NOVY PETROVTSY, Ukraine — The foxhole Vladimir Ibadolayev was digging in the sandy pine-forest soil was slightly more comfortable than the hard cobblestones he had slept on for weeks while helping to overthrow the Ukrainian government, but he wasn’t complaining. His neighbor in the foxhole next door, Ivan Yarchenko, threw a pack of cigarettes and kidded him for complaining, comparing it briefly to his time serving in the Soviet military.
The two, now wearing mismatched camouflage and ill-fitting helmets, forged their friendship on Maidan, the Kiev square that was the epicenter for the anti-government protests that descended into savage mayhem last month, ousting President Viktor Yanukovich — and bringing the specter of war with Russia. Now they’re trying to become Ukraine’s newest fighting force.
“I love my country. I don’t want to give up one bit of our territory,” Ibadolayev, 29, of Kiev, said.
“There will be war. That’s a fact,” Yarchenko, a 40-year-old construction engineer from Ivano-Frankivsk, said. “On Maidan, we didn’t think about what we were doing when we were fighting — we could be killed or not. We were just defending one another, our comrades. Same thing here. When we go to war, we’ll be ready.”
In the eyes of many Ukrainians, this nation of 45 million faces an existential crisis unprecedented in the 23 years since the Soviet collapse. Russian forces loom on the eastern border. Moscow has annexed Crimea and forced a humiliating withdrawal of Ukrainian troops from the Black Sea peninsula. In the cities of Kharkiv and Donetsk, pro-Russian activists are suspected of fomenting violence, to create a pretext for invasion. The three-week-old technocratic government in Kiev is struggling to stave off economic collapse.
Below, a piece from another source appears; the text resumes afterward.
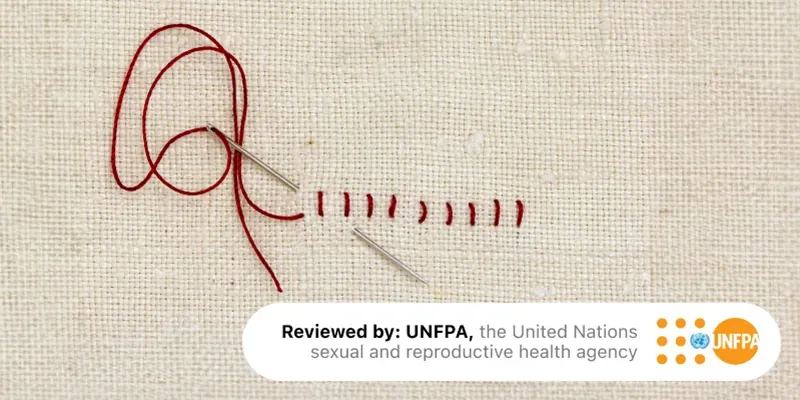 Healing of the perineum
Amid all this, Ukraine is experiencing a resurgence of pride and patriotism, a wellspring that began emerging for many in the Maidan protests. With Russia moving to formally seize Crimea, the interim government of Prime Minister Arseniy Yatsenyuk last week announced the creation of a new national guard, with the goal of recruiting 20,000 volunteers. The interim government also increased the military budget with an emergency allotment of about $680 million.
More than 4,000 people had signed up since the law authorizing the guard was passed March 13, acting Interior Minister Arsen Avakov said this week.
“You will have the opportunity to defend the country, with the forces of the national guard and the security forces," Yatsenyuk told a Cabinet meeting over the weekend.
Ukraine’s military is no match for Russia’s. Various estimates put Ukraine’s standing armed forces — army, navy and air force — at between 160,000 and 190,000, with another 1 million active reservists. Military service is mandatory for men between 18 and 25, though many use deferments and exemptions to avoid service.
Even if the effort doesn’t congeal into an elite fighting unit, it serves to channel the rage and pride many Ukrainians are feeling these days. Well before 9 a.m., when Lt. Col. Roman Nakonichye put his small wooden table out on the cobbled sidewalk near Maidan to gather volunteers’ names, there was a group of men waiting to sign up. Some were engineers. Some, taxi drivers. Two owned an eyeglass business. All wanted to fight for the motherland.
“You come to Maidan and you feel it in your chest — patriotism is growing stronger, ever stronger. People feel like they never did,” said Vitaly Vasilyevich, a 30-year-old building drafter from Kiev. “If not for us [volunteers], nobody will. If I don’t do it, who will?”